Lefkandi, Toumba cemetery, fill of tomb no. 61 from a disturbed burial context


Vessel H: 29 cm; max. diam.: 27.5 cm


Large globular pyxis, light red clay, deep buff slip, brown paint. Significant parts of the sides, neck, and shoulder are missing. The top and bottom halves do not quite join.

Accession Number

Eretria Museum 16633


Calligas 1990: 77-79, fig. 1; Nakas 2011: fig. 6; Popham 1987; Wedde 1999a: 510-11; 2006: 260, fig. 5

Ship to the right, with two birds in flight above and two fish below, facing in the same direction. The hull is rendered by a continuous thick flat line that thins out into a markedly incurving high sternpost ending in three short projections. There is a large triangular steering oar. The bow consists of a vertical post with lattice work depicted by two parallel lines joined together by oblique strokes, an incurving extremity, and a bow projection below it. There are six short horizontal timbers projecting outward from the stem. The vertical lines above the gunwale are tholepins, there are no stanchions depicted. There are three parallel horizontal lines of uniform thickness above the hull. I interpret these as a deck and raised sides (wales) offering lateral protection for the rowers. The mast is slightly forward of amidships and forked at the top, with only a forestay. There are two spears and the shaft of a third stacked upright in the hull at the stern.

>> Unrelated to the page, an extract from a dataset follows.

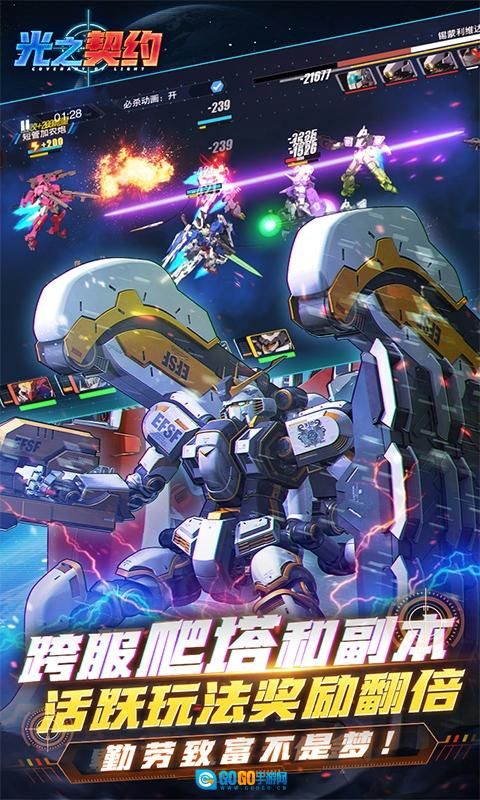 光之契约折扣版图2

The find is out of context. The pyxis has been reconstructed from fragments found mixed together with numerous other sherds in the fill of tomb 61 as well as the soil which was used to level the area above it. Lying near the northeast limit of the Toumba cemetery, tomb 61 was otherwise found empty and was probably unused. In the process of excavating the shaft, grave diggers appear to have destroyed an early MG I tomb along with most of an adjacent SPG I pyre (no. 21), reusing part of their contents to refill the shaft. The pyxis with the ship depiction likely came from the disturbed tomb which Popham has identified as a female burial. The offerings attributed to it include nine pyxides (two Attic imports), a globular amphora, a plain gold diadem, a gold attachment, a bronze pin, and faience beads. Six of the locally made pyxides were considered to similar that they are presumably from the same workshop (Popham 1987: 353-355).

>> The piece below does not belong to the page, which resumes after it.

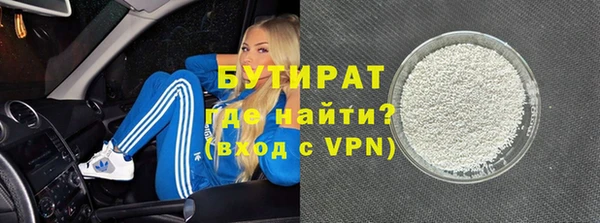 хмурый Горно-Алтайск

The vase is a large version of a typical local globular pyxis. Decoration is in the local style, and includes panels filled with cross-hatched motifs of swastikas, linked lozenges and battlement. Below the rim are two pairs of holes for securing a lid, with three such lids found in the fill.

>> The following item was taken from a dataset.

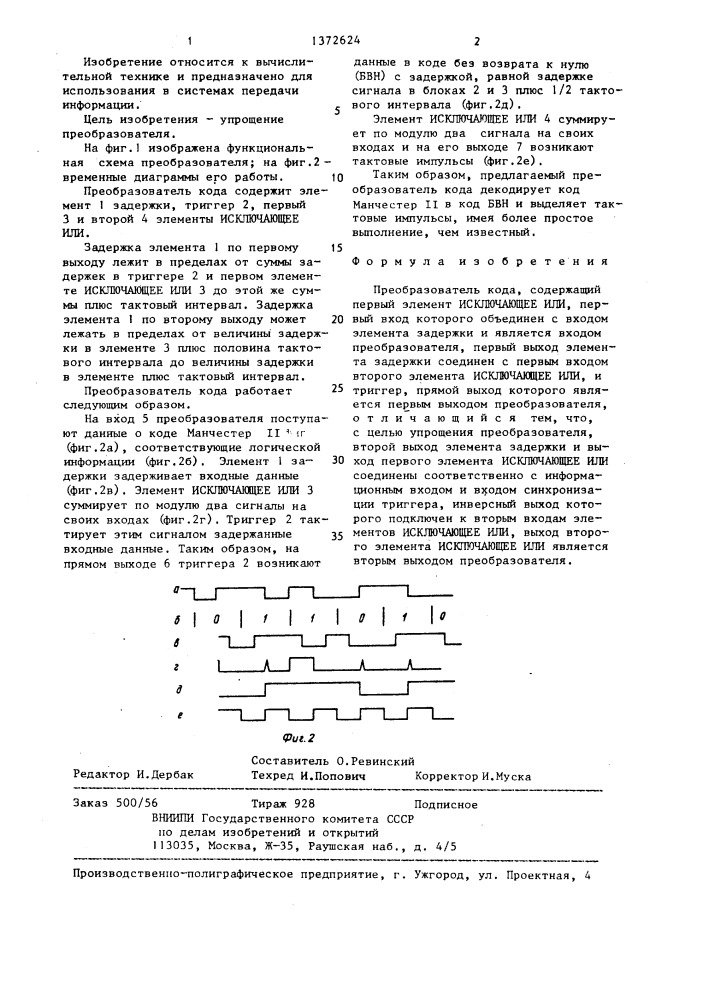 Преобразователь кода (патент 1372624)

Although this is a fairly minimalist depiction, the important structural elements are there. Wedde assigns the bow morphology to his group 2 alongside the Tragana and the Khaniale Tekke ships, for which it may represent a possible link between the two. It is defined by a "rudimentary bow projection, a vertical stem with lattice work and no integration into the mass of the bow."(Wedde 2006: 260).

There are important commonalities with the LG I vessels, most notably the three horizontal lines which are there depicted as a central thick black band outlined by two thinner ones which Casson identifies as the deck and wales. The pictorial similarities both with these later Dipylon ships, and the earlier Kynos ship in terms of indicating a substantial beam suggest that the Toumba ship must also be decked (Wedde 1999: 510-11). Wedde argues that these must be longitudinal decks which run along each gunwale, leaving the center open for operations involving the mast. The absence of a forecastle on the Toumba vessel may also be explained by the fact that the ship is decked. The longitudinal stiffening provided by the deck, as well as the reinforcing of the sides by the wales were essential prerequisites for the development of the ram - the fact these are highlighted on the Toumba vessel is no incident. The development of the deck was also an essential component towards the evolution of the two-levelled ship, with the second level of rowers on deck. A number of other details also likens this depiction to the later Dipylon ones, such as the horizontal plank protrusions along the stem, and the incurving stempost with a three-pronged device. The theme of depicting spears, including similarly placed in the stern is also a recurrent motif.

Calligas, P. G. 1990. “Early Euboean shipbuilding,” in H. Tzalas (ed.) Tropis II: Proceedings of the 2nd International Symposium on Ship Construction in Antiquity, Delphi, 1987, Athens: Hellenic Institute for the Preservation of Nautical Tradition, pp. 77-83.

Nakas. Y. 2011. “Νήαι μέλαιναι: Πλοία και ναυπηγική στο Αιγαίο της Πρώιμης Εποχής του Σιδήρου (Νήαι μέλαιναι: ships and shipbuilding in the Early Iron Age Aegean).” In A. Mazarakis Ainian, (ed.) The "Dark Ages" revisited: acts of an international symposium in memory of William D.E. Coulson, University of Thessaly, Volos, 14-17 June 2007. Volos: University of Thessaly Press: 1003-1017.

Popham, M. 1987. “An Early Euboean Ship,” AJA 6.3: 353-359.

Wedde, M. 1999a. “Decked Vessels in Early Greek Ship Architecture,” in H.E. Tzalas (ed.) Tropis V: 5th International Symposium on Ship Construction in Antiquity. Nauplia, 26, 27, 28 August 1993. (Hellenic Institute for the Preservation of Nautical Tradition). Athens: Hellenic Institute for the Preservation of Nautical Tradition, pp. 505-526.

―――. 2006. “Pictorial Evidence for Partial System Survival in the Greek Bronze Age to Iron Age Transition,” in E. Rystedt and B. Wells (eds.) Pictorial Pursuits: Eigurative Painting on Mycenaean and Geometric Pottery. Paper from Two International Round-Table Conferences on Mycenaean and Geometric Pottery at the Swedish Institute at Athens in 1999 and 2001, Stockholm: Svenska Instituted I Athen, pp. 255-269.